O sol vai alto quando nos servem o almoço na piscina: um “pequeno” buffett e pizzas com vinho rosé a acompanhar. Por esta altura já percebemos que as três noites (e menos de quatro dias) que por lá vamos ficar são, afinal, coisa pouca para o tanto que há para ver e fazer. Sem tempo a perder, e ainda que a vontade de deixar o hotel seja pouca, rumamos ao Puerto de Sóller — um bom sítio para recuerdos, almoços e jantares, gelados e bebidas. Há por aqui duas pequenas praias, mas o que mais nos encanta é o ambiente e os barcos que por lá atracam, tanto os vistosos iates como os típicos llaud.

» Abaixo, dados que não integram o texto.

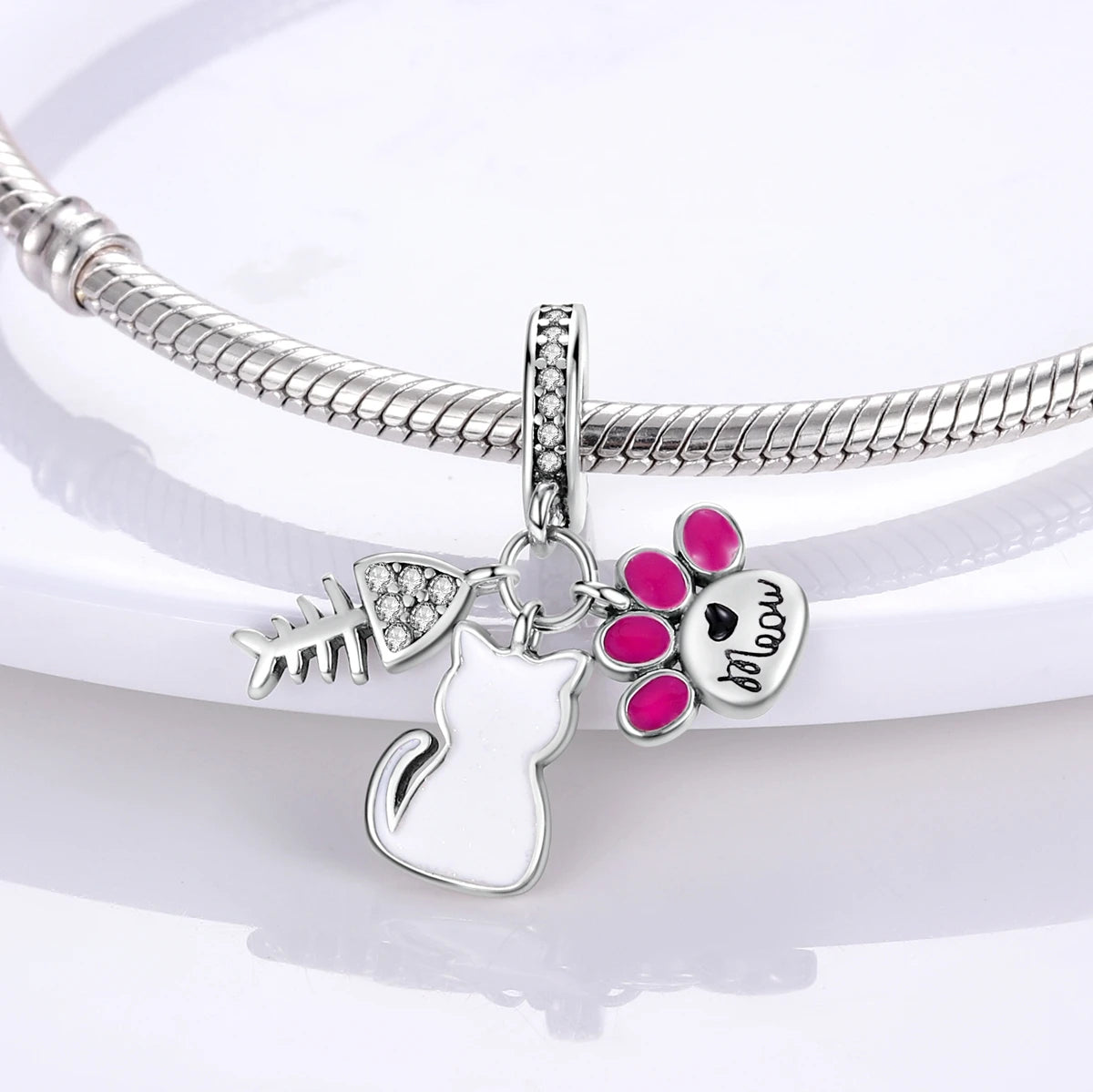 Pink Silver Plated Butterfly Flower Charm Beads for DIY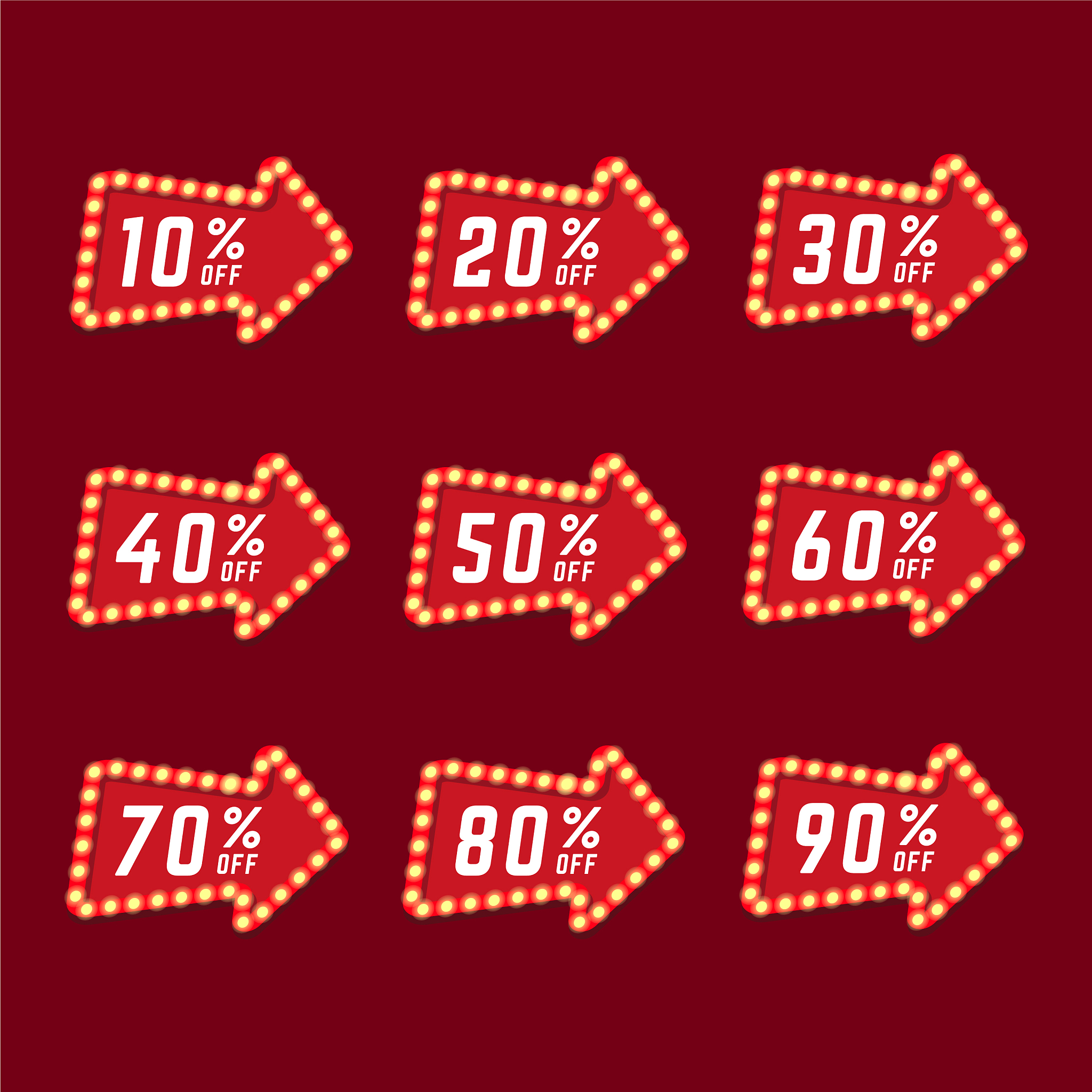 sales tag markers retro billboard sale percentage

Valeu a pena sobretudo pelo passeio que se seguiu: num eléctrico centenário em madeira fizemos a viagem por cinco euros até Sóller, uma pequena cidade com pouco mais de 12 mil habitantes. Por aqui, quase todos têm família em França e se falam connosco no maiorquino local (não confundir maiorquino com catalão, sob pena de algo correr mal com os habitantes) a coisa pode não funcionar. A este local chama-se frequentemente “baía das laranjas, fruto que era muito exportado para França”, conta Louise Davis, relações públicas e assistente da direcção do La Residencia que nos acompanhou na excursão. Em toda a cidade há apenas um supermercado — tudo o resto é comércio tradicional na rua. Confirma-se a tendência na Calle Luna, a rua principal cheia de lojas encantadoras: padaria, livraria, drogaria, talho, há de tudo.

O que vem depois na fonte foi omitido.